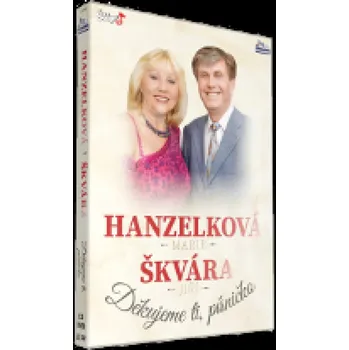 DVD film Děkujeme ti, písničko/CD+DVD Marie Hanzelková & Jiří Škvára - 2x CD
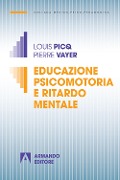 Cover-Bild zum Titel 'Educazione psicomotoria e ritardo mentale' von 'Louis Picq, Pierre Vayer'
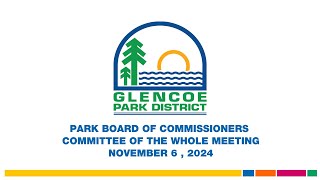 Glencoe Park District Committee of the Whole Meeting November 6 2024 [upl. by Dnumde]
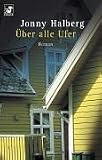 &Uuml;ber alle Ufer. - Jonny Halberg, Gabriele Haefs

-----

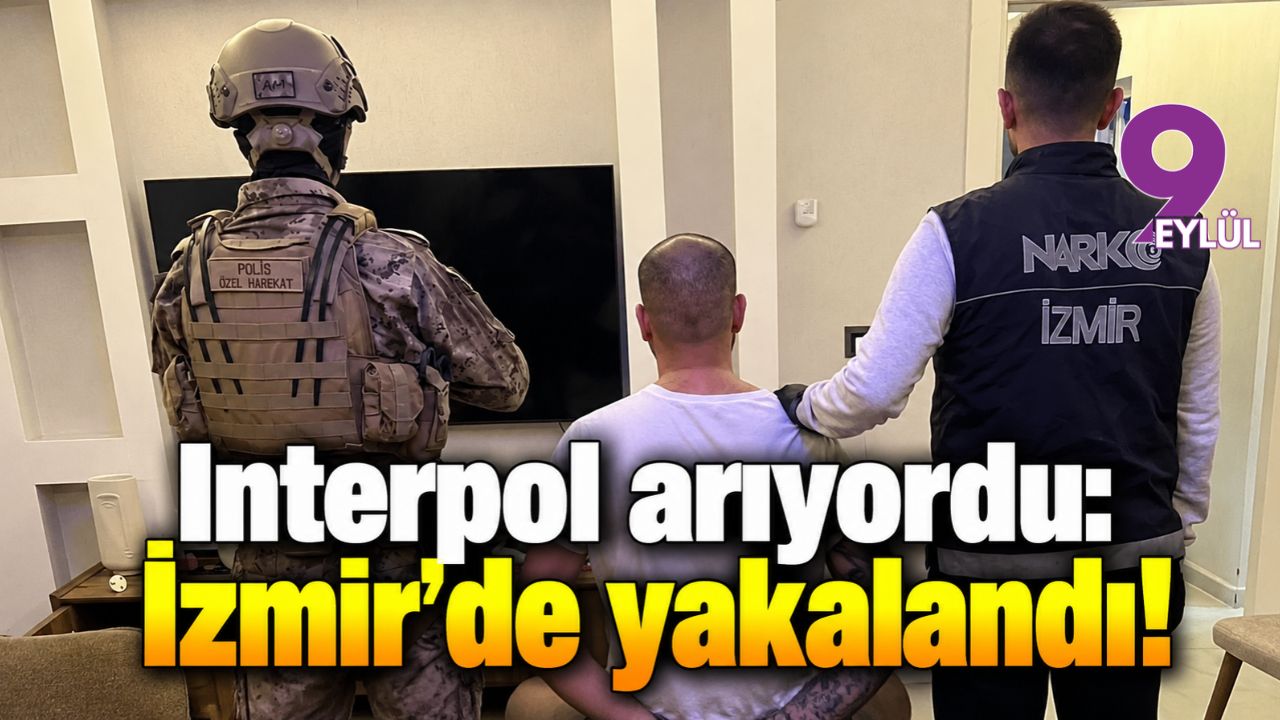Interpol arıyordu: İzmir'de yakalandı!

-----

Exercise:
For the material above, give again only the lines starting at the line that contains "DVD film Děkujeme" and ending at the line that contains "Halberg, Gabriele Haefs". Pictures do not belong in the copy.

Exercise output:
 DVD film Děkujeme ti, písničko/CD+DVD Marie Hanzelková & Jiří Škvára - 2x CD
 Cover-Bild zum Titel 'Educazione psicomotoria e ritardo mentale' von 'Louis Picq, Pierre Vayer'
 Glencoe Park District Committee of the Whole Meeting November 6 2024 [upl. by Dnumde]
 &Uuml;ber alle Ufer. - Jonny Halberg, Gabriele Haefs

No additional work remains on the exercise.